The following sections discuss the details of how our system performs these data validation checks and how our design choices address the challenges discussed in Section 1. Now, we acknowledge that these checks are not exhaustive, but our experience shows that they cover the vast majority of errors we have observed in production and so they provide a meaningful scope for the problem.

3 SINGLE-BATCH VALIDATION

Section Summary: This section explains how to detect errors in individual batches of data fed into machine learning pipelines, where each batch comes from a single run of code and should have consistent characteristics based on expert knowledge. To check this, the system uses a schema—a simple set of rules defining expected features like data types, ranges, and presence—that goes beyond basic formats to capture real-world meaning, such as distinguishing a person's age from a document's age. The validator compares batch statistics against the schema to flag anomalies early, alert teams, provide clear explanations, suggest updates for evolving data, and minimize false alarms through manual schema curation.

The first question we answer is: are there data errors within each new batch that is ingested by the pipeline?

We expect the data characteristics to remain stable within each batch, as the latter corresponds to a single run of the data-generation code. We also expect some characteristics to remain stable across several batches that are close in time, since it is uncommon to have frequent drastic changes to the data-generation code. For these reasons, we consider any deviation within a batch from the expected data characteristics, given expert domain knowledge, as an anomaly.

In order to codify these expected data characteristics, our system generalizes the traditional notion of a schema from database systems. The schema acts as a logical model of the data and attempts to capture some of the semantics that are lost when the data are transformed to the format accepted by training algorithms, which is typically key-value lists. To illustrate this, consider a training example with a key-value ("age", 150). If this feature corresponds to the age of a person in years then clearly there is an error. If, however, the feature corresponds to the age of a document in days then the value can be perfectly valid. The schema can codify our expectations for "age" and provide a reliable mechanism to check for errors.

Figure 2 shows the schema formalism used by our data validation system, defined as a protocol buffer message (pro, 2017). (We use the protocol-buffer representation as it corresponds to our implementation and is also easy to follow.) The schema follows a logical data model where each training or serving example is a collection of features, with each feature having several constraints attached to it. This flat model has an obvious mapping to the flat data formats used by popular ML frameworks, e.g., tensorflow.Example or CSV. We have also extended the schema to cover structured examples (e.g., JSON objects or protocol buffers) but we do not discuss this capability in this paper.

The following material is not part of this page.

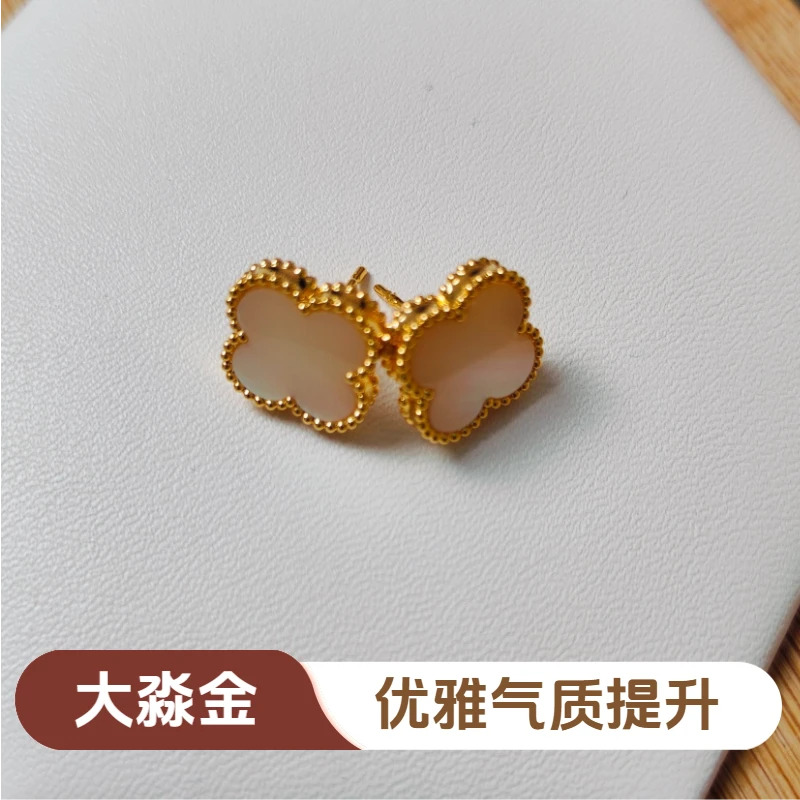 【质检发货】源头工厂-18k白贝母耳钉 (单只）-DM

The constraints associated with each feature cover some basic properties (e.g., type, domain, valency) but also constraints that are relevant to ML and that also reflect code-centric error patterns that we want to capture through data validation (see also our discussion in Section 1). For instance, the presence constraint covers bugs that cause the data-generation code to silently drop features from some examples (e.g., failed RPCs that cause the code to skip a feature). As another case, the domain constraints can cover bugs that change the representation of values for the same feature (e.g., a code-change that lower-cases the string representation of country codes for some examples). We defer a more detailed discussion of our schema formalism in Appendix A. However, we note that we do not make any claims on completeness – there are reasonable data properties that our schema cannot encode. Still, our experience so far has shown that the current schema is powerful enough to capture the vast majority of use cases in production pipelines.

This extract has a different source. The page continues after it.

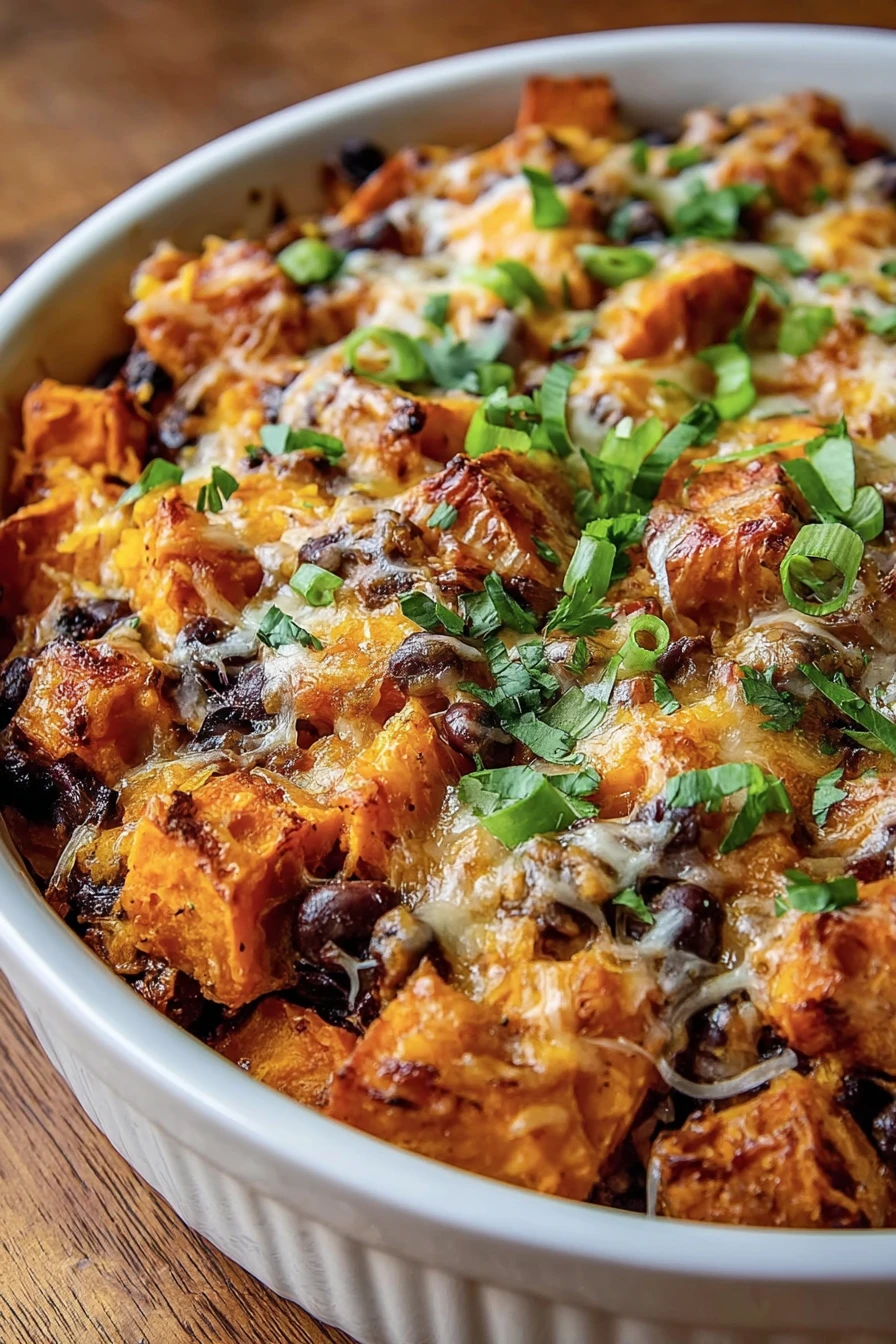 sweet potato, black bean casserole, hearty, flavorful, savory, delicious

Schema Validation The Data Validator component of our system validates each batch of data by comparing it against the schema. Any disagreement is flagged as an anomaly and triggers an alert to the on-call for further investigation. For now, we assume that the pipeline includes a user-curated schema that codifies all the constraints of interest. We discuss how to arrive at this state later.

In view of the design goals of data validation discussed in Section 1, the Data Validator component:

• attempts to detect issues as early in the pipeline as possible to avoid training on bad data. In order to ensure it can do so scalably and efficiently, we rely on the per-batch data statistics computed by a preceding Data Analyzer module. Our strategy of validating using these pre-computed statistics allows the validation itself to be fairly lightweight. This enables revalidation of the data using an updated schema near instantaneously.
• be easily interpretable and narrowly focused on the exact anomaly. Table 1 shows different categories of anomalies that our Data Validator reports to the user. Each anomaly corresponds to a violation of some property specified in the schema and has an associated description template that is populated with concrete values from the detected anomaly before being presented to the user.
• include suggested updates to the schema to “eliminate” anomalies that correspond to the natural evolution of the data. For instance, as shown in Figure 4, the domain of “event” seems to have acquired a new IMPRESSIONS value, and so our validator generates a suggestion to extend the feature’s domain with the same value (this is shown with the red text and “+” sign in Figure 4).
• avoids false positives by focusing on the narrow set of constraints that can be expressed in our schema and by requiring that the schema is manually curated, thus ensuring that the user actually cares about the encoded constraints.

Schema Life Cycle As mentioned earlier, our assumption is that the pipeline owners are also responsible to curate the schema. However, many machine learning pipelines use thousands of features, and so constructing a schema manually for such pipelines can be quite tedious. Furthermore, the domain knowledge of the features may be distributed across a number of engineers within the product team or even outside of the team. In such cases, the upfront effort in schema construction can discourage engineers from setting up data validation until they run into a serious data error.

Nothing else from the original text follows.